Un-Reinventing the Wheel

I don’t know if this phrase has ever been used before. I do know that I have never used it before. I also know that I wrote down this phrase at least 3 separate times while reading this book.


If it’s not self-explanatory, allow me to explain: Reinventing the wheel means to re-create or ‘improve upon’ the already best version of something.

informal. : to waste time trying to do something that has already been done successfully by someone else.

Mirriam Webster Dictionary

Therefore, Un-Reinventing the wheel is a return to the status quo under the guise of newness.


Case in point: On their first office endeavor, Neuman and his partner negotiated with a landlord directly to let them find tenants for an entire floor to share, rather than the traditional office lease model. They would get a share of any profits based on number of tenants they brought in. (Reinventing the wheel)


Soon after:

  • “But rather than partner with a landlord – splitting profits as they had in Dumbo – the two realized it would be easier to just lease the space they needed like any other business in need of office space.” pg. 34

On the margins of my hardcover copy of The Cult of We, the phrase “Un-Reinventing the Wheel” was born. And now I can’t stop seeing it everywhere in tech!

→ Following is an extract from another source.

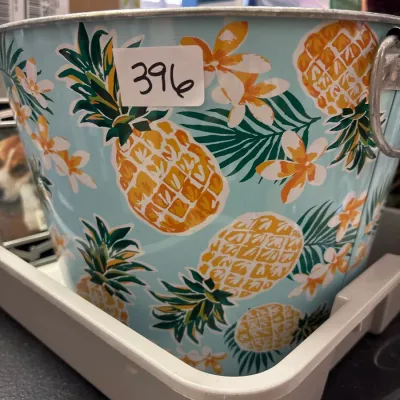 Light blue galvanized metal bucket with a tropical pineapple and floral print, featuring metal side handles.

Additional notes & thoughts:

  • Is the David Fincher film Social Network, the millennial version of Oliver Stone’s Wall Street? Unintentionally shaping an entire generation and providing them with a guide rather than a cautionary tale? Both directors have famously stated their intentions were to shame the actions of the characters in their film, not put on a pedestal. Adam Neumann was a big fan of Social Network. (pg. 46)
  • Calling tenants “members” instead of tenants (pg. 39)
  • “Activate the Space” = code for “pretend to be busy and have more paying users than we really do”. (pg. 65)
  • Constantly preaching egalitarianism, Neumann was quietly carving out favorable deals and favorable terms for himself, creating an environment where he didn’t need WeWork to succeed (or go public) like most founders would. (pg. 71)
  • “Further adding to the chaos was the relative scarcity of startups looking for big sums. Gian mutual funds like Fidelity were hoping to spend billions, so they certainly didn’t want to waste time parcelling out in bundles of $10 million.” (pg. 83) Absolute insanity!
  • Once one large fund invested, due diligence by other funds became less important (non-existent)
  • Profits didn’t matter. Valuation was everything. And solely based off investor checks.
  • Massive demand from mutual funds entering the VC world was like shaking up the snow globe. The rules changed overnight and no one knew where it would settle. Maybe these valuations did make sense in the new market? (No, they did not)
  • in 2014, Regus had about 14 x more ‘members’ than WeWork, and WeWork was valued 4x more than Regus.
  • “In bubbles, the heard and its collective psychology prevail over the individual.” (pg. 97)
  • “At a basic level, what was happening was the amount of money chasing companies had grown far faster than the number of good ideas.” (pg. 98)
  • “Rising valuations gave the illusion of success.” (pg. 99)


Recommendation: Buy the book. Read it. Return to it again in 3 years.